When my son was a few months old and I started to spiral into a horrendous post-natal depression, the question of the release of these two boys made the story headline news all over again. I avoided the news like the plague. Then the inevitable happened and I heard someone describing what had been done to James. It tipped me over the precipice. For weeks, I had vivid pictures in my mind which tortured me. I really couldn't function properly and even now six years on, this is a case that causes me much distress.
My gut reaction as a mother is that I would want those two boys to have done to them what they did to James, except make it last longer. Then I realised that the boys themselves were someone's sons too. How would I feel if it was my son that had done this? Would I disown him at the age of ten? Or would I still love him as my son?
I think I basically came to the conclusion that, while ten year olds have the capacity to knowing right from wrong and understanding what criminality is, it doesn't mean that they do. For example, I'm sure I have the capacity to understand most undergraduate physics, yet I actually know very little because I've never learned any beyond first year undergrad level.

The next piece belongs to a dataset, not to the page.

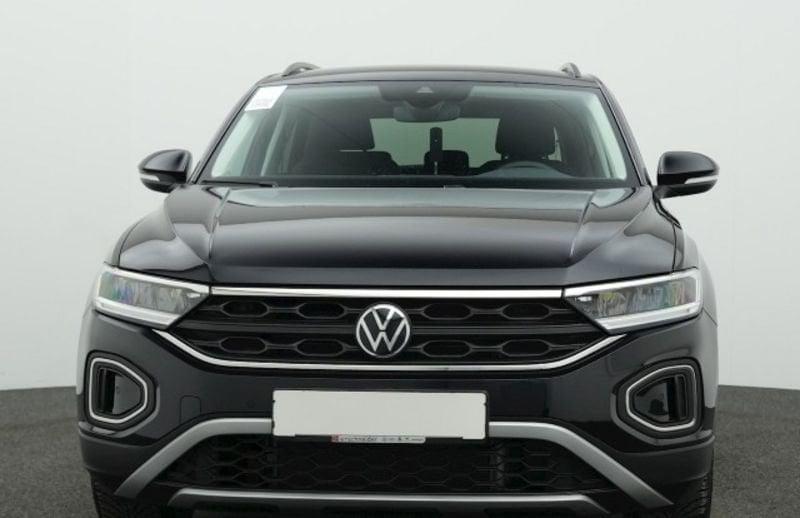 Volkswagen T-Roc T-Roc 1.0 TSI Life NAVI LED DIGITAL COCKPIT NEOPATENTATI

I truly believe that these boys did this because there was something wrong with them, whether it be their upbringing or trauma in their earlier years. I'm not trying to excuse them, not one little bit, but this case reached the prominence it did
because it was so unusual, it's not a regular occurrence, it's unfathomable. That's what tells me that it's more than just the evil that humans in general are capable of that caused this.
I don't pretend to know what it is. I don't know why they did it. I have no idea what the proper sentence for them should have been, but I do think that they deserve another chance. They were ten when they did it, they were about eighteen when they were let out. Their "freedom" is not what most of us would call freedom. They will continue to pay for what they did.